Instructions to follow:
Only the pictures are to be left out; set down the rest of the records exactly.

[Captioned web images]
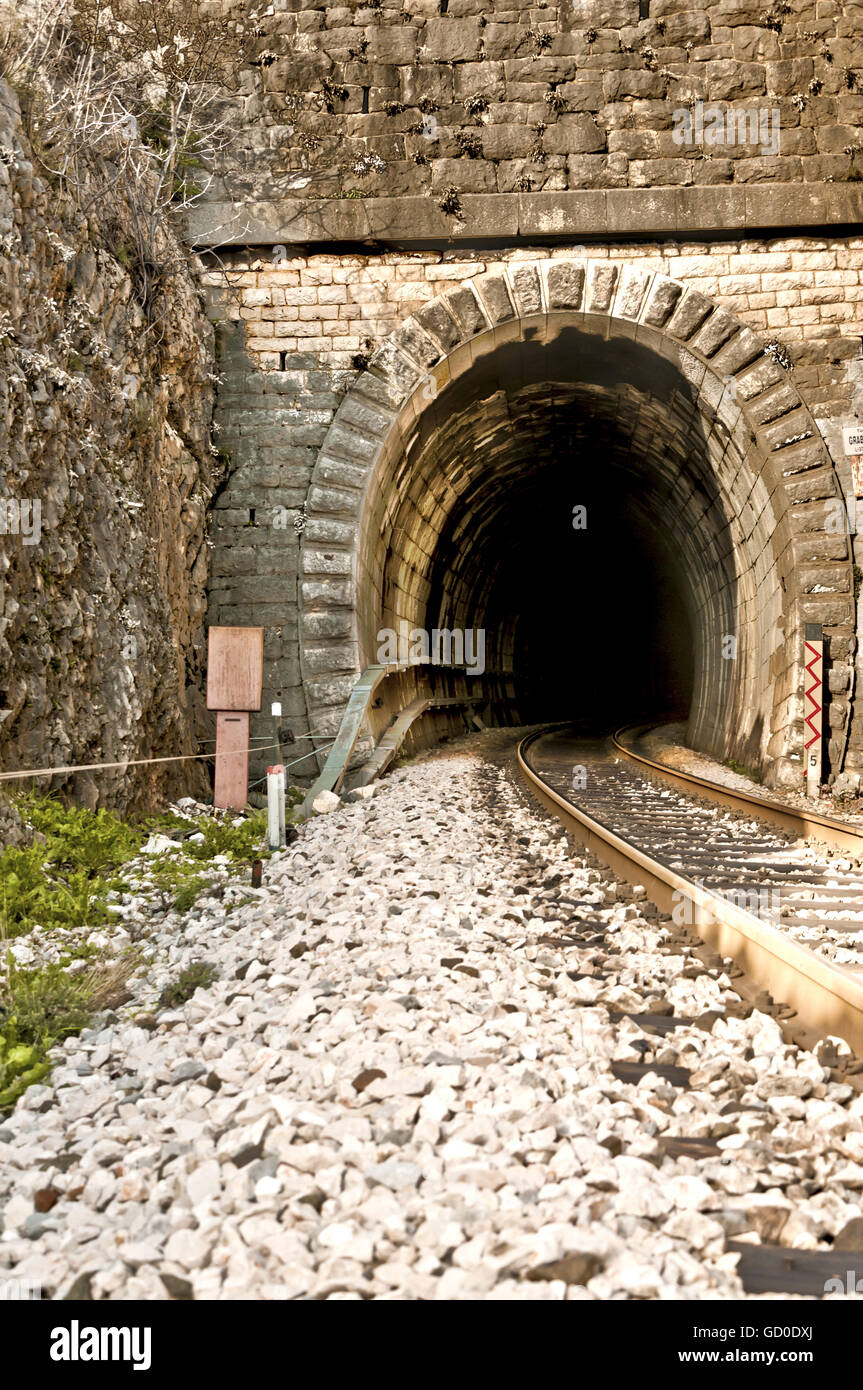 Eisenbahnschienen und alten Tunneleingang im dalmatinischen Hinterland in der Nähe von Labin, Dalmatien, Kroatien Stockfoto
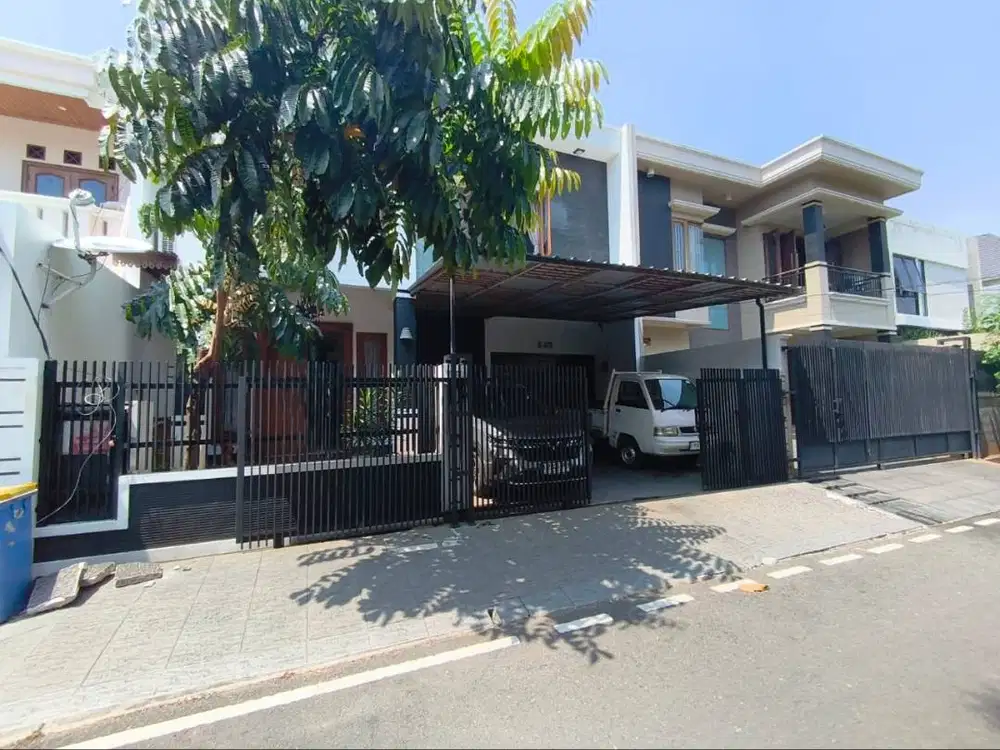Rumah siap huni BU lokasi super strategis di Jakarta Pusat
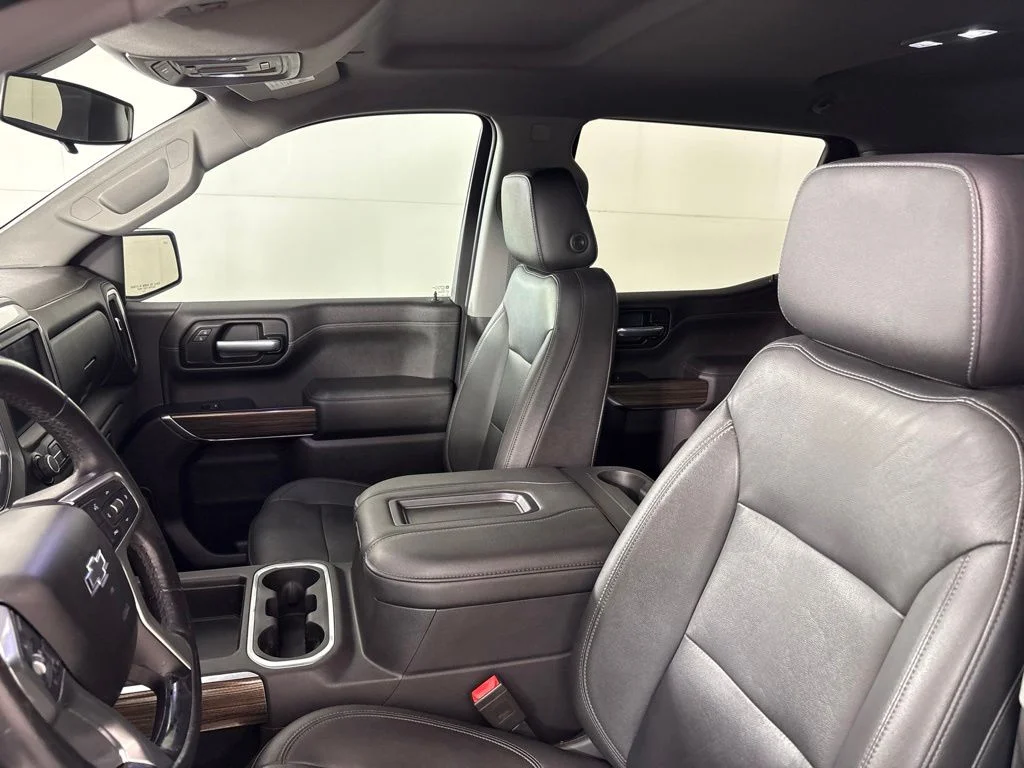 Used 2021 White Chevrolet LT Trail Boss image 36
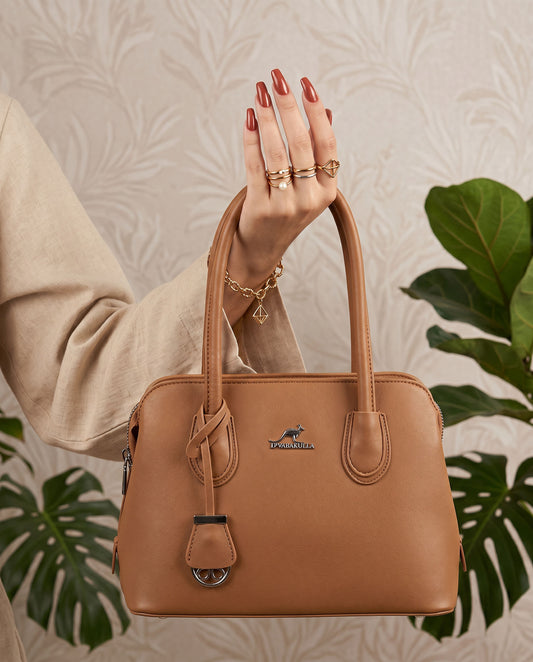 Cartera de mano con colgante decorativo en forma de anillo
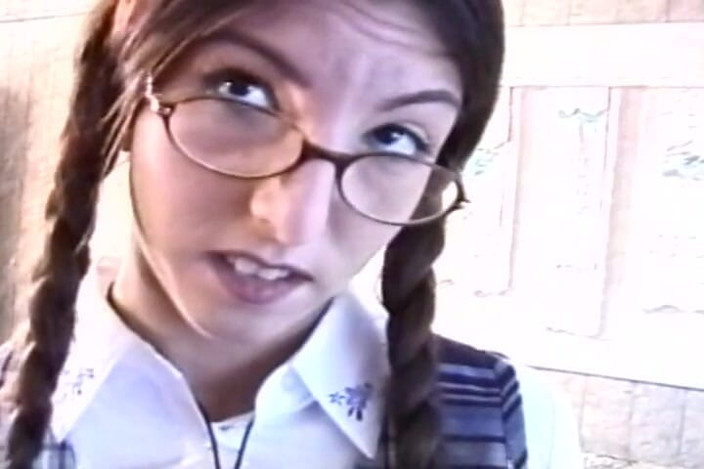 USA Fetish and Hardcore Clips: Schüchternes teenie-mädchen spreizt ihre für etwas spanking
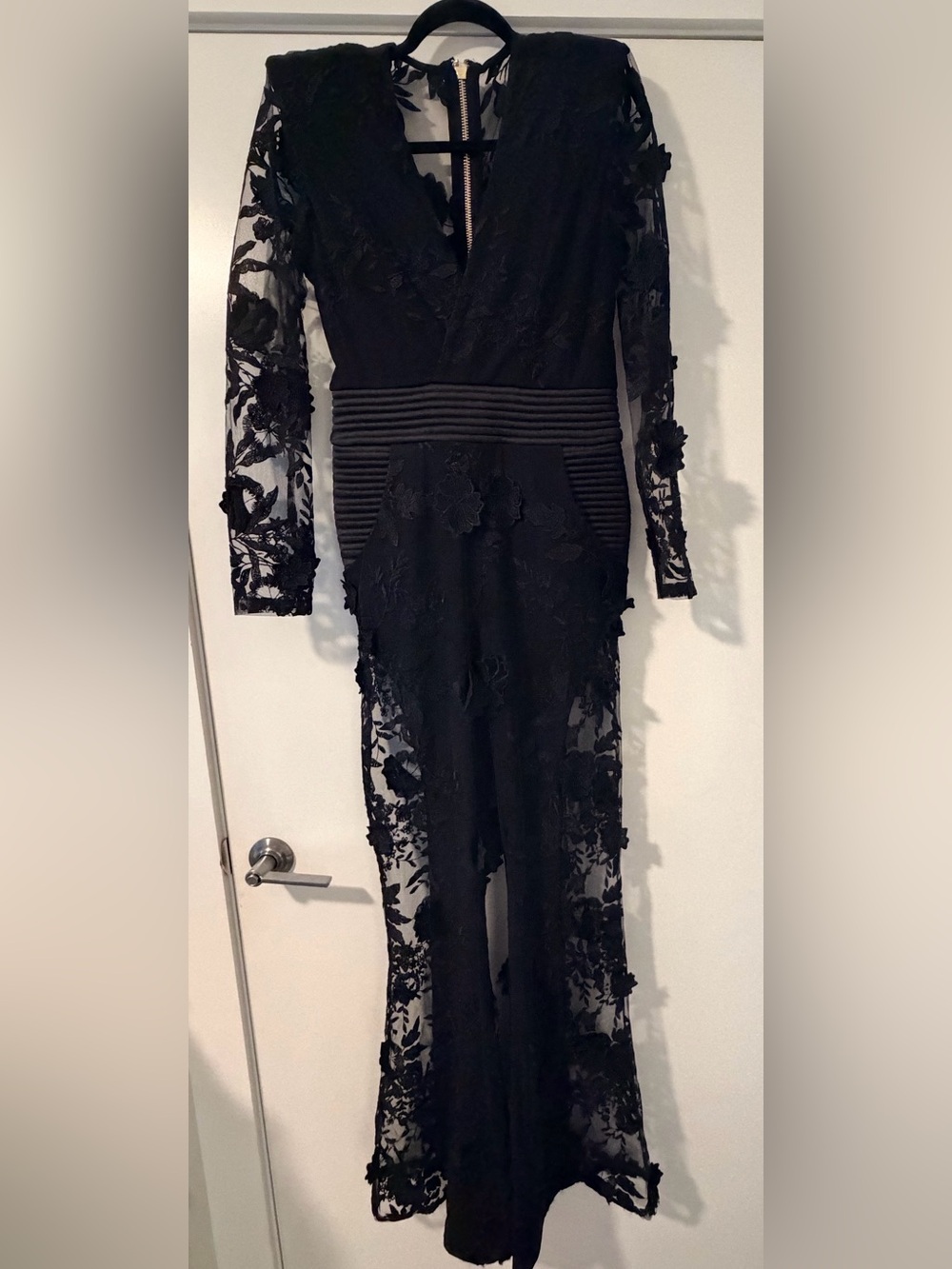 ZHIVAGO Where You Tend A Rose Jumpsuit Size 8 Brand New without tags - Picture 5 of 8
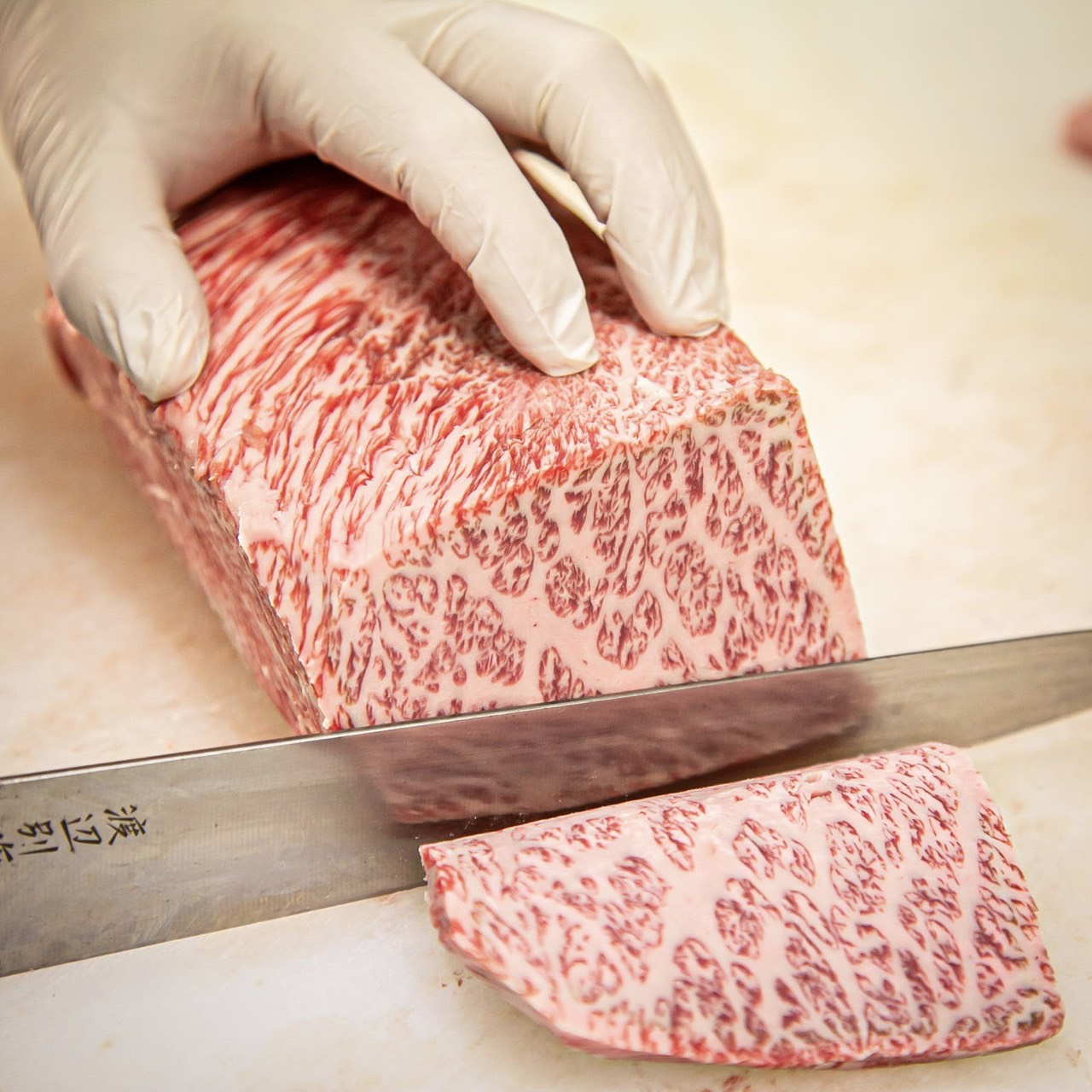 焼肉店向けに黒毛和牛のブロックを切り分ける仕込みの様子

Exercise solution:
 Eisenbahnschienen und alten Tunneleingang im dalmatinischen Hinterland in der Nähe von Labin, Dalmatien, Kroatien Stockfoto
Rumah siap huni BU lokasi super strategis di Jakarta Pusat
 Used 2021 White Chevrolet LT Trail Boss image 36
 Cartera de mano con colgante decorativo en forma de anillo
 USA Fetish and Hardcore Clips: Schüchternes teenie-mädchen spreizt ihre für etwas spanking
 ZHIVAGO Where You Tend A Rose Jumpsuit Size 8 Brand New without tags - Picture 5 of 8
 焼肉店向けに黒毛和牛のブロックを切り分ける仕込みの様子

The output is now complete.